Because arthritis mutilans progresses rapidly, early detection and aggressive treatment are essential to prevent permanent disability.


Diagnosis

Diagnosing PsA can be challenging since no single test confirms it, and symptoms vary greatly between individuals. There’s often no correlation between the severity of psoriasis and joint symptoms.

diagnostic steps may include:

  • Medical and family history: Up to half of PsA patients have a close relative with psoriasis or PsA.

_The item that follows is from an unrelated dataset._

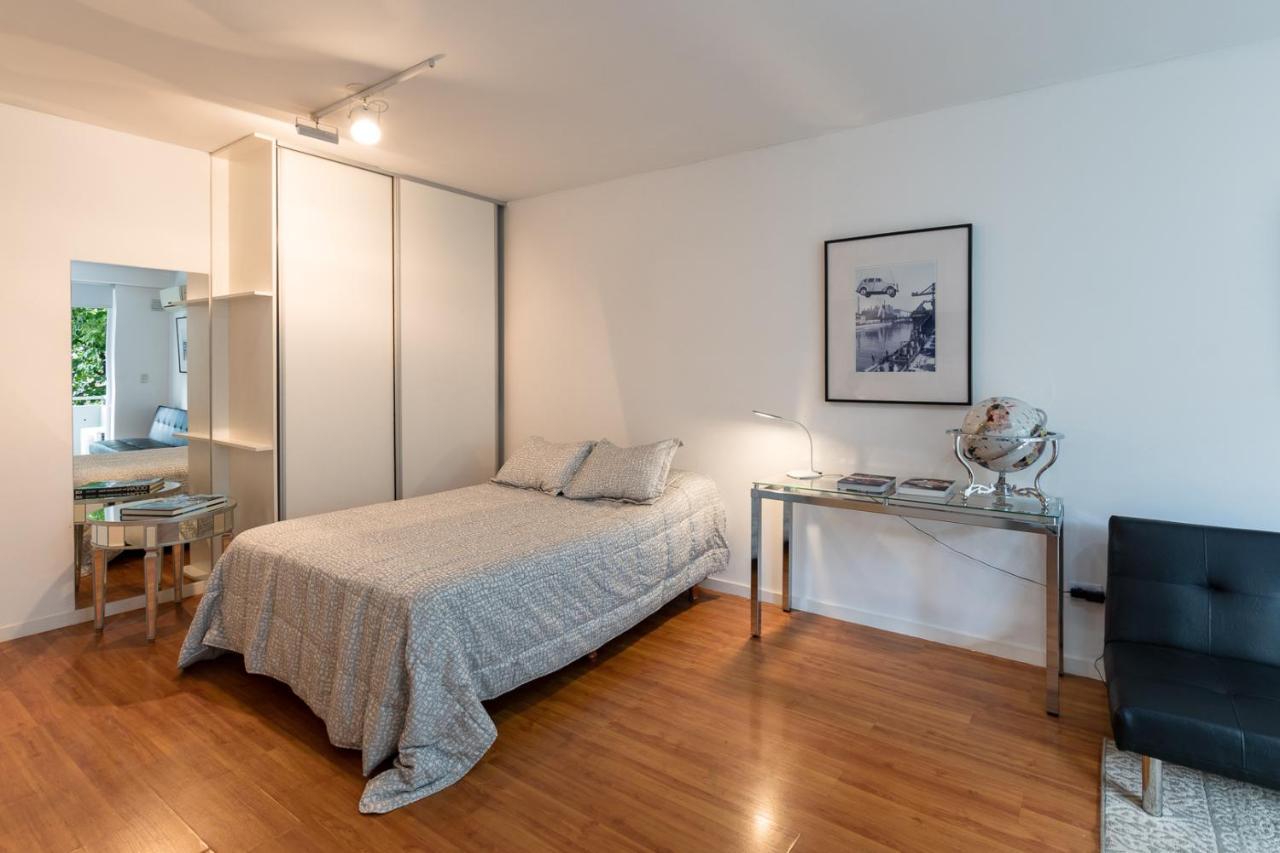 Estudio En Lo Mejor De Palermo * Estilo Y Glamour * บัวโนสไอเรส ภายนอก รูปภาพ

  • Blood tests: Checking inflammation markers like CRP and ESR, while ruling out rheumatoid factor (which is usually negative in PsA).

  • Imaging tests: X-rays or MRI scans to detect joint erosion or spinal inflammation.

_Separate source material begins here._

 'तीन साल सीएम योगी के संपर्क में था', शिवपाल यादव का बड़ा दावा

  • Bone density scans: To evaluate potential bone loss.

Testing also helps rule out conditions such as rheumatoid arthritis and gout, which can mimic PsA symptoms.


Treatment

Treatment for PsA focuses on reducing inflammation, protecting joints, and improving quality of life, regardless of subtype.

medication options include:

  • NSAIDs (e.g., ibuprofen, naproxen): Relieve pain and swelling with consistent use.

  • Corticosteroid injections: Provide short-term inflammation relief in specific joints.

  • DMARDs (Disease-Modifying Antirheumatic Drugs): Such as methotrexate, leflunomide (Arava), or sulfasalazine (Azulfidine), which slow disease progression.

  • Targeted oral medications: Like Otezla (apremilast), RINVOQ (upadacitinib), and Xeljanz (tofacitinib) to regulate immune response.

biologic treatments:
These medications target specific immune pathways that cause inflammation. They are usually delivered as injections or IV infusions.

  • TNF inhibitors: Such as etanercept (Enbrel), adalimumab (Humira), and infliximab (Remicade).

  • Interleukin inhibitors: Block inflammatory proteins like IL-17, IL-23, or IL-12. Examples include Cosentyx (secukinumab), Stelara (ustekinumab), and Tremfya (guselkumab).

supportive treatments:

  • Physical therapy and gentle exercise to maintain joint mobility

  • Heat or cold therapy for stiffness and pain relief

  • Stress management and balanced diet to reduce inflammation


A Quick Review

There are five main types of psoriatic arthritis—asymmetric, symmetric, distal interphalangeal, spondylitic, and mutilans—each with unique patterns and levels of severity.

While no test can definitively diagnose PsA, early treatment can help prevent joint damage and long-term complications.
Most people manage PsA successfully through medication, lifestyle changes, and consistent medical care.